[Start of section]

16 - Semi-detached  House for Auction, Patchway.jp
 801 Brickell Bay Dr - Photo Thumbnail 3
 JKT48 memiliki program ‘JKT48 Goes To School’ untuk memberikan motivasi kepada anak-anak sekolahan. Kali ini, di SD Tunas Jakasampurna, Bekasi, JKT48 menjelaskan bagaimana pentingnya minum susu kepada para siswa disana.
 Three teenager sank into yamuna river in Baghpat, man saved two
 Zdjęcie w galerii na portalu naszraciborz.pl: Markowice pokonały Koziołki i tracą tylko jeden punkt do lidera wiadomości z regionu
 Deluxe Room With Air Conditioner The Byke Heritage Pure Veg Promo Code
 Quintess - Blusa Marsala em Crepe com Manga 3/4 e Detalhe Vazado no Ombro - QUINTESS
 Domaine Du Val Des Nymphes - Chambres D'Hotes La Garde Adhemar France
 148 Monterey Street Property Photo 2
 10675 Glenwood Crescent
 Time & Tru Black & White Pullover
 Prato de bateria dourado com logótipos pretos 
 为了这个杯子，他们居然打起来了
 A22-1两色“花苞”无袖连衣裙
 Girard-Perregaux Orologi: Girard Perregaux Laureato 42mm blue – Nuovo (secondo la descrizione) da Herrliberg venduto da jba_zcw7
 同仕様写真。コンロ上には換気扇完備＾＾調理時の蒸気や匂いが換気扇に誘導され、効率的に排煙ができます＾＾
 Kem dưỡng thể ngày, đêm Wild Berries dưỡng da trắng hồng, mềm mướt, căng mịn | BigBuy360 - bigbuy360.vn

[End of section]

§ YOUR ASSIGNMENT: Set out every record in full, exactly as given.

§ RESPONSE TO THIS EXERCISE:
16 - Semi-detached  House for Auction, Patchway.jp
 801 Brickell Bay Dr - Photo Thumbnail 3
 JKT48 memiliki program ‘JKT48 Goes To School’ untuk memberikan motivasi kepada anak-anak sekolahan. Kali ini, di SD Tunas Jakasampurna, Bekasi, JKT48 menjelaskan bagaimana pentingnya minum susu kepada para siswa disana.
 Three teenager sank into yamuna river in Baghpat, man saved two
 Zdjęcie w galerii na portalu naszraciborz.pl: Markowice pokonały Koziołki i tracą tylko jeden punkt do lidera wiadomości z regionu
 Deluxe Room With Air Conditioner The Byke Heritage Pure Veg Promo Code
 Quintess - Blusa Marsala em Crepe com Manga 3/4 e Detalhe Vazado no Ombro - QUINTESS
 Domaine Du Val Des Nymphes - Chambres D'Hotes La Garde Adhemar France
 148 Monterey Street Property Photo 2
 10675 Glenwood Crescent
 Time & Tru Black & White Pullover
 Prato de bateria dourado com logótipos pretos 
 为了这个杯子，他们居然打起来了
 A22-1两色“花苞”无袖连衣裙
 Girard-Perregaux Orologi: Girard Perregaux Laureato 42mm blue – Nuovo (secondo la descrizione) da Herrliberg venduto da jba_zcw7
 同仕様写真。コンロ上には換気扇完備＾＾調理時の蒸気や匂いが換気扇に誘導され、効率的に排煙ができます＾＾
 Kem dưỡng thể ngày, đêm Wild Berries dưỡng da trắng hồng, mềm mướt, căng mịn | BigBuy360 - bigbuy360.vn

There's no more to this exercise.